BOGOTA (Reuters) -- Hundreds of Colombians waving black and white checkered flags thronged Bogota's streets Sunday evening, noisily celebrating the Indianapolis 500 victory by the country's top racing driver, Juan Montoya.

Montoya, who was second off the starting grid at the legendary track known as “the Brickyard,” became the first Colombian to win one of motor racing's most grueling events with a performance that kept even President Andres Pastrana glued to his television set.

“All Colombians are very happy and very proud that Juan Pablo is the country's standard bearer on the race tracks of the world,” Pastrana told the Caracol radio and TV network minutes after Montoya took the checkered flag in the 200-lap, 500-mile race.

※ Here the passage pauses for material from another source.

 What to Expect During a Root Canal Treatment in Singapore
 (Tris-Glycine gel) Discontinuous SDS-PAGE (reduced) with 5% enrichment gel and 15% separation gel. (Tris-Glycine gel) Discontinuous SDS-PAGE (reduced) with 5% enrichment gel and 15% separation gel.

“As soon as I heard Juan Pablo was in the lead I was stuck to the TV set,” he added.

Live televised broadcasts showed Montoya punching the air as he crossed the finish line while race commentators described him as “the monster of Colombian motor racing.”

In the bars and restaurants around a park in an upscale district of northern Bogota, fans unfurled checkered flags hastily made from bed sheets or waved Colombia's tricolor yellow, blue and red national flag.

Street vendors also made a brisk trade selling smaller plastic checkered racing flags.

Bogota-born Montoya, 24, winner of Europe's Formula 3000 and a former test driver for the Formula One Williams team, became a national hero last year when he won the U.S. CART series title in his rookie season.

His victories provided Colombians with a welcome escape from the daily ravages of this Andean nation's long-running guerrilla war and the deepest economic recession on record.

Montoya had suffered repeated mechanical problems in this year's CART races, finishing just twice in five starts after his Chip Ganassi Racing Team switched from Honda to Toyota engines.

But there were no such problems Sunday as Montoya led the pack in a G Force Oldsmobile for 167 of the 200 laps to become the first Indy 500 debutante to win since Briton Graham Hill in 1966.